Di sisi lain, Irwandy berpendapat, dalam 20 tahun sampai 40 tahun mendatang batubara masih dibutuhkan di sejumlah negara Asia. Pasalnya, beberapa negara tengah membangun pembangkit listrik tenaga uap yang berbahan bakar dari pembakaran batubara. Oleh karena itu, lanjut dia, transisi energi menuju energi terbarukan di Indonesia masih perlu waktu.
Dalam Kebijakan Energi Nasional, Indonesia mematok target peran energi terbarukan 23 persen dalam bauran energi nasional di 2025, yang dinaikkan menjadi 31 persen pada 2050. Faktanya, sampai sekarang peran energi terbarukan masih sekitar 8 persen. Sejumlah kalangan meragukan target 23 persen pada 2025 bisa dipenuhi kendati secara teknis memungkinkan.
Direktur Eksekutif Institute for Essential Service Reform Fabby Tumiwa berpendapat, perlu kebijakan yang progresif dan revolusioner untuk membawa Indonesia menuju pengembangan energi terbarukan yang optimal. Sejumlah negara, seperti Vietnam, lewat kebijakan fiskal dan regulasi yang ramah investasi berhasil membawa negara itu pada realisasi pembangkit listrik tenaga surya 4.500 megawatt di 2019. Vietnam berencana menaikkan kapasitasnya menjadi 10.000 megawatt sampai 2020.

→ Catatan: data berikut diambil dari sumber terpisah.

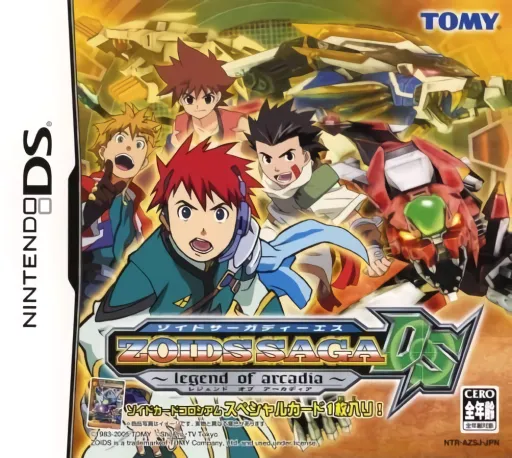 Zoids Saga DS - Legend of Arcadia (Japan)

”Vietnam saja bisa. Mengapa Indonesia tidak? Artinya, kebijakan pemerintahnya berpengaruh penting terhadap keberhasilan program transisi energi tersebut," ucap Fabby.
Perlu transisi
Ketua Dewan Penasihat Indonesia Clean Energy Forum (ICEF) Kuntoro Mangkusubroto mengatakan, ketergantungan pada minyak di era 1970-an membuat Indonesia lupa mengembangkan sumber energi lain. Penjualan minyak di era itu menjadi tulang punggung utama keuangan negara. Pada saat produksi minyak merosot, sedangkan kebutuhan minyak naik drastis, Indonesia diterpa defisit pada neraca perdagangan migasnya.
”Pemanfaatan energi fosil yang masif menyebabkan pencairan es di kutub lebih cepat dari perkiraan. Suhu bumi terus naik. Oleh karena itu, perlu transisi dari energi fosil menuju energi terbarukan yang lebih ramah lingkungan dan berkelanjutan,” kata Kuntoro.
Kuntoro melanjutkan, perlu sosialisasi ke seluruh pemangku kepentingan mengenai pentingnya transisi menuju energi terbarukan. Kesadaran bahwa energi fosil yang tidak bisa diperbarui dan memberikan dampak bagi perubahan iklim harus terus ditumbuhkan. Salah satu upayanya adalah dukungan lewat kebijakan pemerintah.
”Ingat, 10 tahun lagi bisa jadi batubara akan ditinggalkan dan menjadi musuh di seluruh dunia. Bagaimana Indonesia mengantisipasinya? Itu yang harus dipikirkan dari sekarang,” ujar Kuntoro.